The deal, which is expected to close in the second half of 2020, will bring significant change for the more than 7,000 RIAs custodying at TD Ameritrade — if the acquisition is approved by regulators.
Schwab and TD Ameritrade are the No. 1 and No. 2 custodians by number of RIAs, with $3.8 trillion and $1.3 trillion total client assets on their platforms, respectively, across their discount brokerage, robo advisor and RIA custody platforms. The deal could alter tech integration, service and innovation for advisors.
“[A] concern is that, down the line, Schwab does goes back to what they used to do, which is not deal with smaller RIAs and blow them off,” says George Papadopoulos of his eponymous firm which custodies $42 million at TD Ameritrade.
Giles says she was already missing out on some opportunities at TD Ameritrade due to her firm’s size. Last year, she says was not invited to the LINC conference, which she had attended since 2005.
“[Smaller advisors] may not be as important, but we are still a part of the business and have something to give and something to learn, so it was really disappointing to me,” she says.
Giles says the smaller advisor might get even shorter shrift.

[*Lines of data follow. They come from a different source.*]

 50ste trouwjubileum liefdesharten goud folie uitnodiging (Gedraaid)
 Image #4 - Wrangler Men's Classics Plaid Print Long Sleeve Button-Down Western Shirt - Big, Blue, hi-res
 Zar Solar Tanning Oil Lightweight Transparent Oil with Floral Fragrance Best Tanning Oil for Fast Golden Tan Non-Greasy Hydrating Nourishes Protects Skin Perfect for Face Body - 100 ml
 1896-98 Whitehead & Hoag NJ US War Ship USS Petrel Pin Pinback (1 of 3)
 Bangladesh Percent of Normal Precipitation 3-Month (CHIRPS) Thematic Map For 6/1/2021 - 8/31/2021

“The conference was just a drop in the bucket compared to what might happen going forward [to Schwab] for advisor like myself,” she says, noting that Schwab may not want to service an advisor as small as she is.
Diane Pearson, an advisor with the $109 million RIA, Garrett Investment Advisors, has had a positive experience with TD Ameritrade but questions whether the service will continue. “It’s responsive, [we get] answers within an hour, they figure things out for us really quickly,” she says. “With Schwab, we might be considered a smaller advisor too.”

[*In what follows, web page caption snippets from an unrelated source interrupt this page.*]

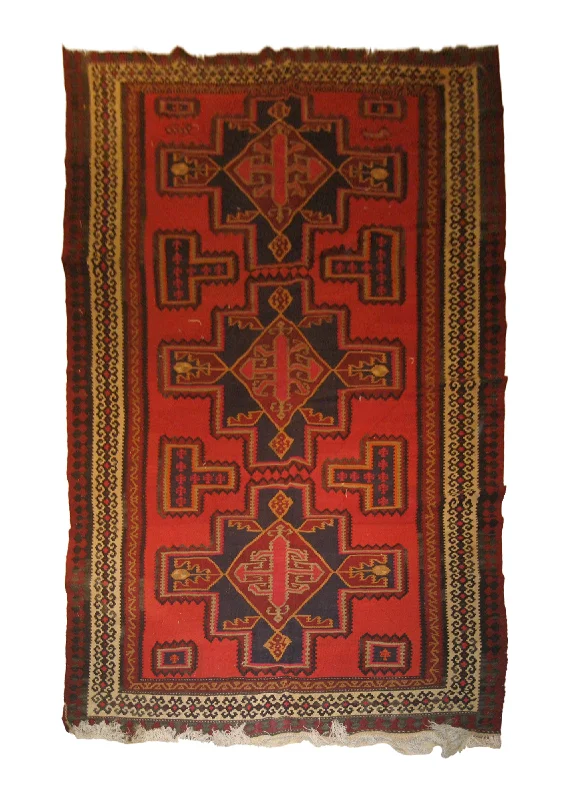 Persian Rug Shiraz Handmade Runner Tribal 5'8"x9'5" (6x9) Red Blue Kilim Geometric Design #A21056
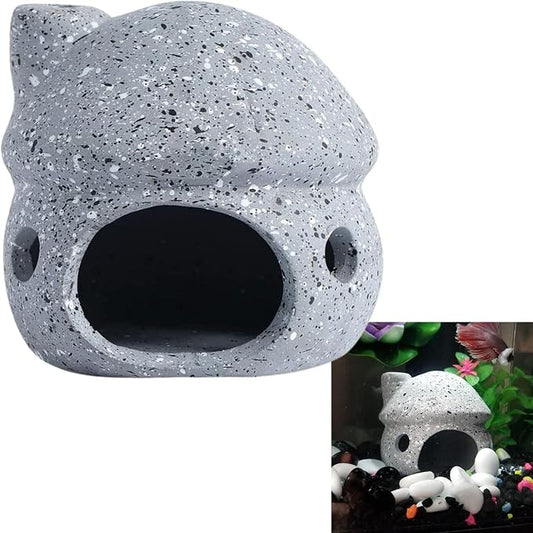 Cute Mushroom Aquarium Decorations, Ceramic Fish House Decor, Small Pleco Shelter Caves, Betta Fish Tank Accessories, Mushroom Shape Shrimp Fish Tank Decorations Stone Color - Grey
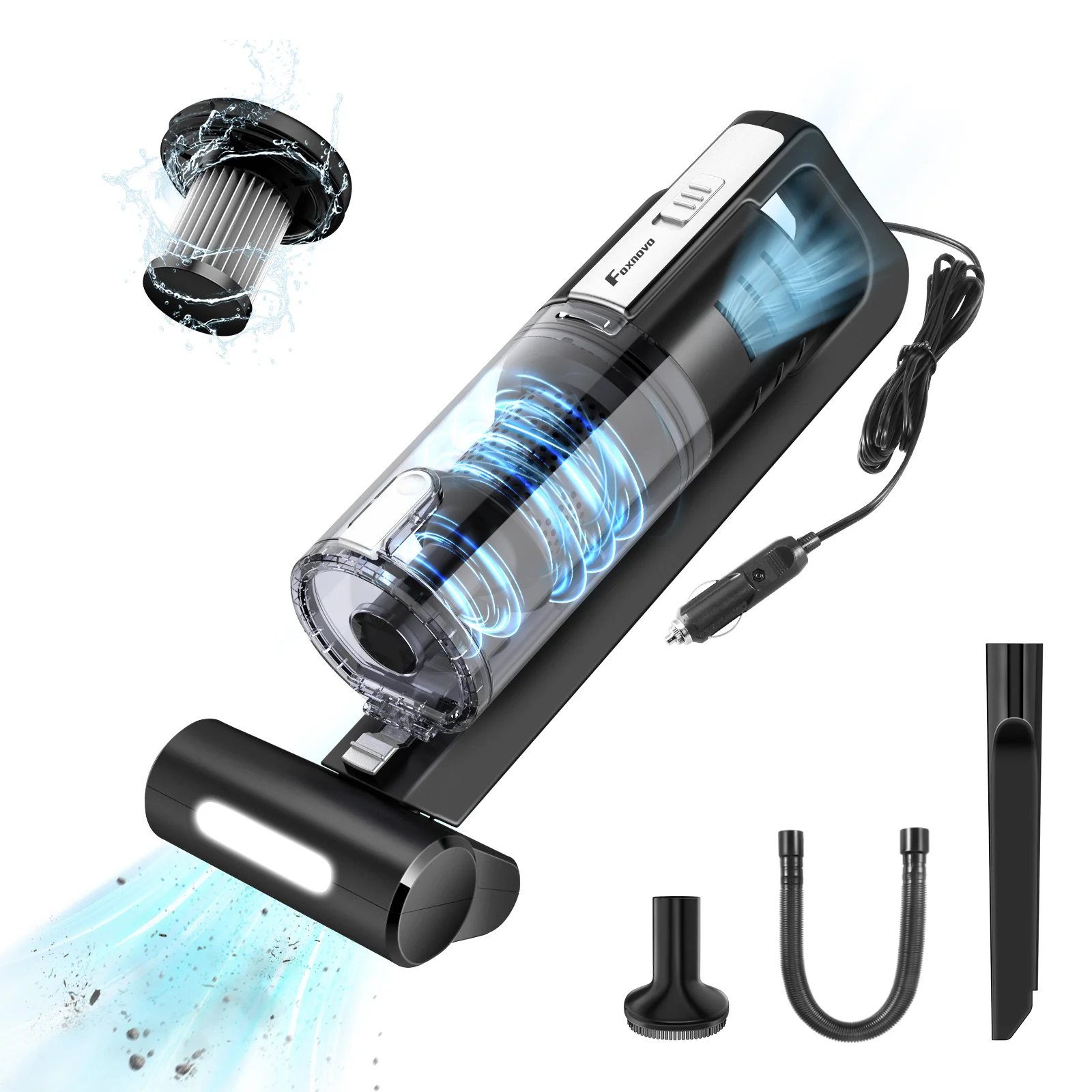 

Car Vacuum Cleaner Wet and Dry Strong Suction Handheld Dust Collector (Black and Silver)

Still, not all advisors are concerned, including Kaleb Paddock, a member of the XY Planning Network.
“[Schwab is] evolving with the current landscape, but their history and reputation has very much been pro-advisor and pro-RIA,” he says, noting he feels protected under the XYPN “umbrella.”
Though Papadopoulos has concerns, he says he is generally optimistic after attending Schwab’s conference earlier this month.
“I must admit — I was very impressed by the quality across the board. Quality people. Quality technology. Dynamic speakers,” he says. “Maybe this is wishful thinking on my part, but I’d say if this deal goes through ... I think they’d do a really good job,” he says.
Competitors see the deal as an opportunity to attract clients.
“You're going to have to transition your book. You're going to have to meet with every client and get paperwork signed, paperwork for ACHs, wires, beneficiaries, et cetera. That is a total disruptor to their business,” says Robb Baldwin, founder of custodian TradePMR, which services about 400 RIAs and 700 advisors.
Baldwin says this deal reminds him of the challenges he faced in 1998 when TD Waterhouse bought the discount brokerage he was affiliated with, Jack White. “I know it's been 20 something years, but the truth of the matter is it's just painful, and it's so disruptive to the industry,” he says.
Dan Skiles, president of Shareholder Services Group, an RIA custodian that services over 1,400 independent advisory firms, says he was talking on the phone with advisors all day Thursday when news of the possible deal broke.
“My headset battery went dead [Thursday],” he says. “I don’t think that’s ever happened.”
Skiles says he has been hearing smaller advisors complain about reduced service at larger scale players for some time. “I know advisors are already experiencing that,” he says.
While the deal could still face regulatory hurdles, analysts at William Blair “doubt the companies would pursue a deal if they thought there was a good possibility of it getting blocked,” according to an equity research report.
Some analysts are optimistic this deal will benefit shareholders. “We think that 1+1 would equal more than 2 in a combination between Schwab and Ameritrade and would create an even stronger competitor,” wrote JMP Securities analyst Devin Ryan in a research report last week.
Will smaller advisors change they way they manage their firms after Schwab buys TD Ameritrade?
“My business model is obviously not what the big custodians are probably wanting, because of the asset level, but to me, I find it fulfilling, and it’s the way I want to work,” Giles says.
A TD Ameritrade spokeswoman declined to comment. A Schwab spokeswoman did not return a request for comment.